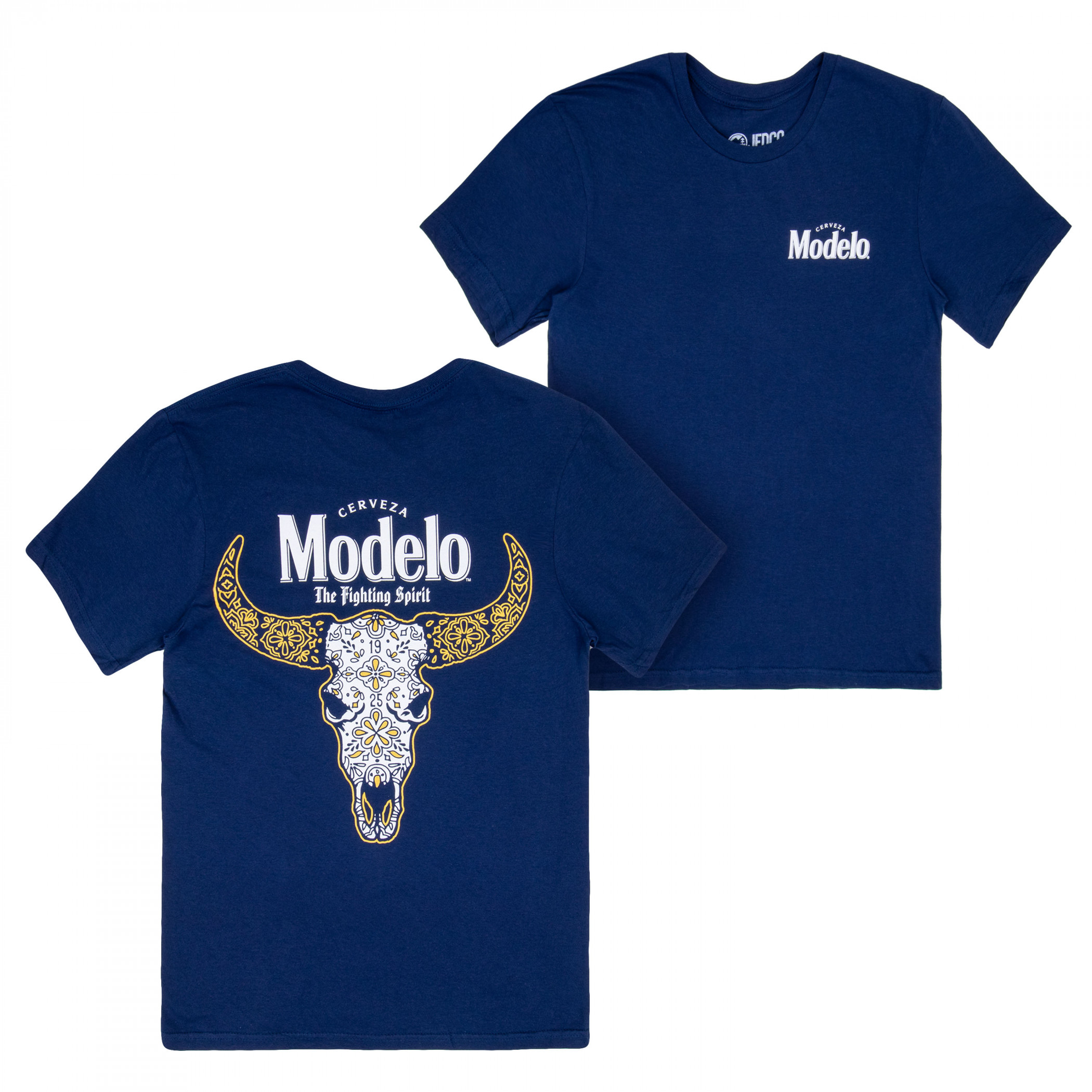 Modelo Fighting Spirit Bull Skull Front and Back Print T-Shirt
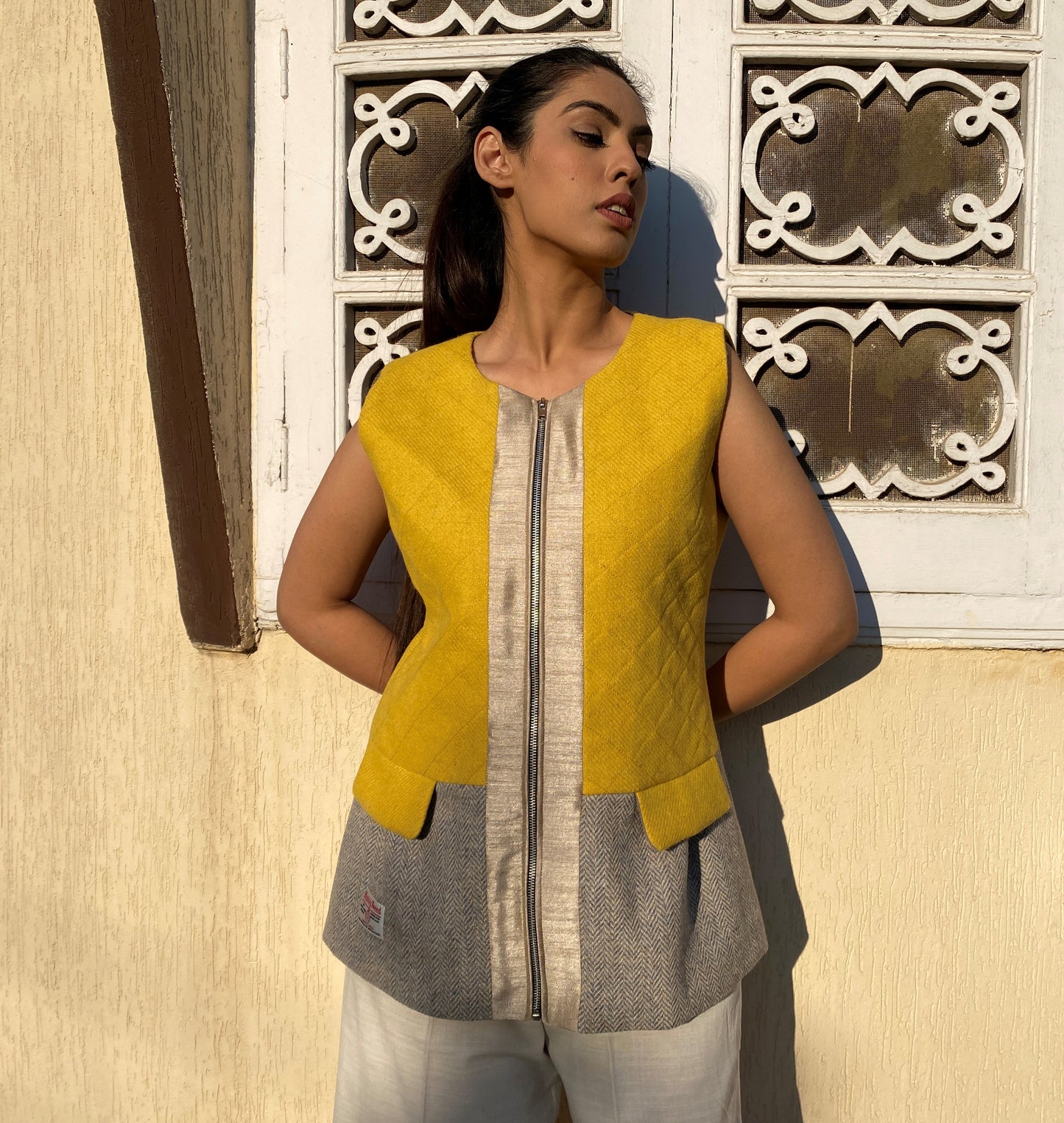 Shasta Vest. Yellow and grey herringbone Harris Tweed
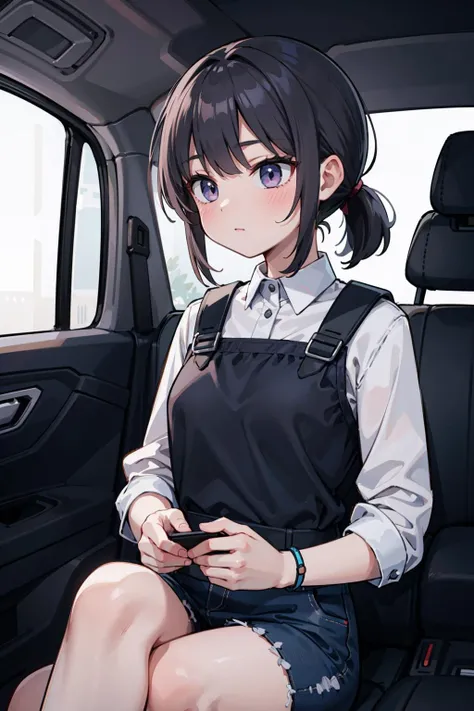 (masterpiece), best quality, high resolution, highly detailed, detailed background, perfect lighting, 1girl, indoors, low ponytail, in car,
○ ○ ○ ○
> [WHAT THE TASK ASKS]: The answer must be the full listing retyped exactly, with no pictures in it.

> [OUTPUT]:
 Modelo Fighting Spirit Bull Skull Front and Back Print T-Shirt
 Shasta Vest. Yellow and grey herringbone Harris Tweed
 (masterpiece), best quality, high resolution, highly detailed, detailed background, perfect lighting, 1girl, indoors, low ponytail, in car,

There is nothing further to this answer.